GIVEN INFORMATION =
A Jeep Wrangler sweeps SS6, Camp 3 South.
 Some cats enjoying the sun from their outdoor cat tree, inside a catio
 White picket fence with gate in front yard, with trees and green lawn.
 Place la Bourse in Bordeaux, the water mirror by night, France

INSTRUCTIONS TO FOLLOW = The whole listing, restated word for word, is the expected answer.

SOLUTION FOR THIS PROBLEM =
A Jeep Wrangler sweeps SS6, Camp 3 South.
 Some cats enjoying the sun from their outdoor cat tree, inside a catio
 White picket fence with gate in front yard, with trees and green lawn.
 Place la Bourse in Bordeaux, the water mirror by night, France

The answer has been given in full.